- TASK -
Pictures appear among the records below and must be omitted. Repeat exactly the lines from the line with "Tamer Tanca Erkek" to the line with "James Harden sigue ausente de los Rockets", both included.

*** PROVIDED DATA Section Begins ***

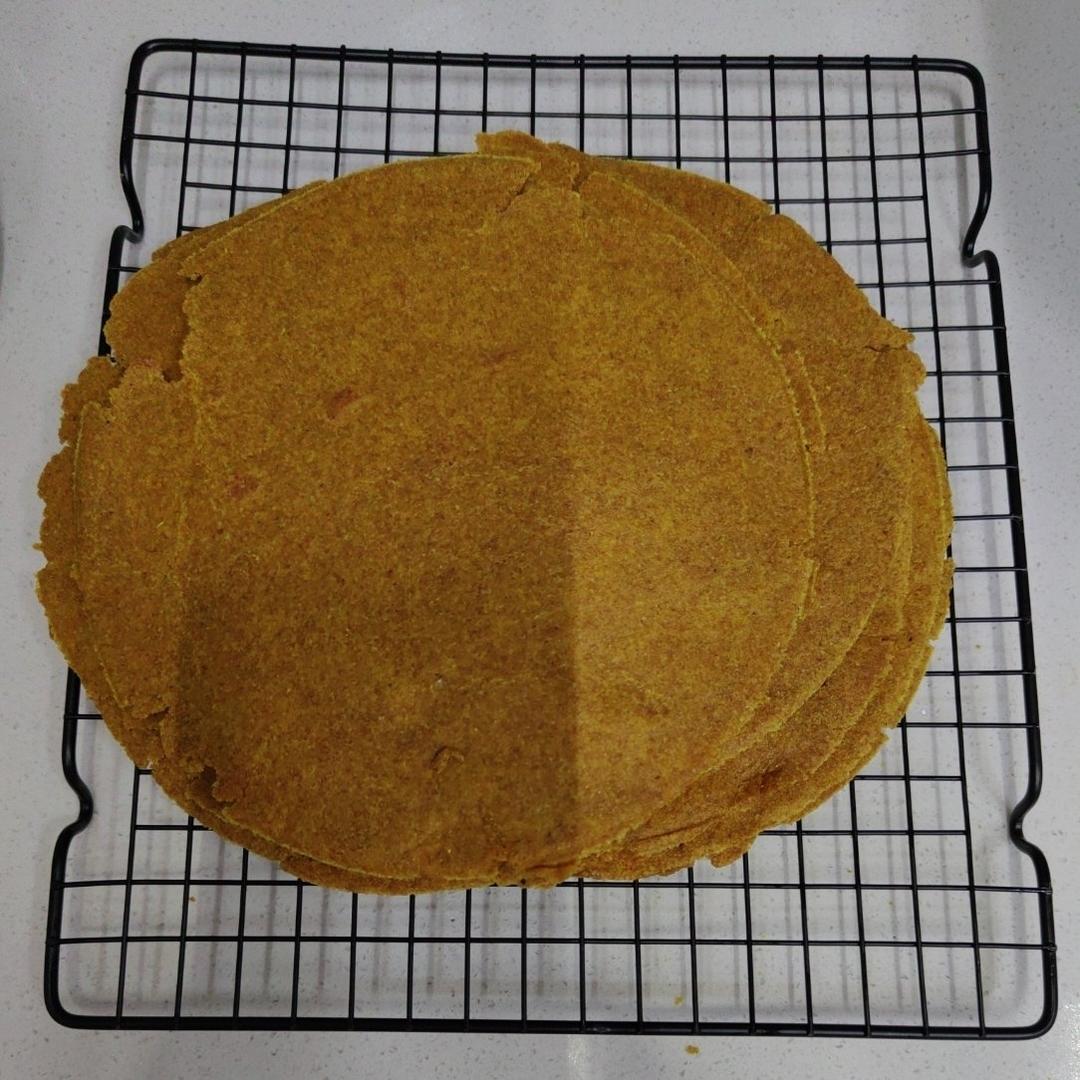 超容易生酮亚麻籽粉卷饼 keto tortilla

*** PROVIDED DATA Section Ends ***
*** PROVIDED DATA Section Begins ***

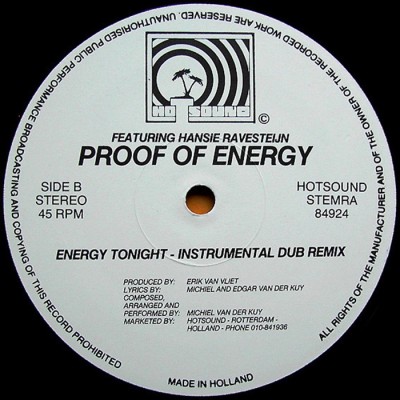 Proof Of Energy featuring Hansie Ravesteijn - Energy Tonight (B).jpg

*** PROVIDED DATA Section Ends ***
*** PROVIDED DATA Section Begins ***

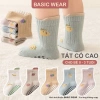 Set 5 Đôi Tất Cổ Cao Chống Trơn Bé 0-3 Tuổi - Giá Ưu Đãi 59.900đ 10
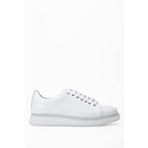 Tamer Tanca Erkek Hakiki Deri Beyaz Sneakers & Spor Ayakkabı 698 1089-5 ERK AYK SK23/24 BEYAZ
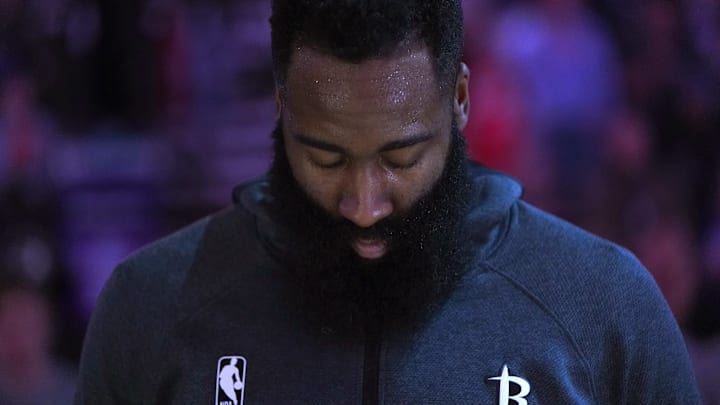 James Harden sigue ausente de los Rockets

*** PROVIDED DATA Section Ends ***

- YOUR SOLUTION -
 Tamer Tanca Erkek Hakiki Deri Beyaz Sneakers & Spor Ayakkabı 698 1089-5 ERK AYK SK23/24 BEYAZ
 James Harden sigue ausente de los Rockets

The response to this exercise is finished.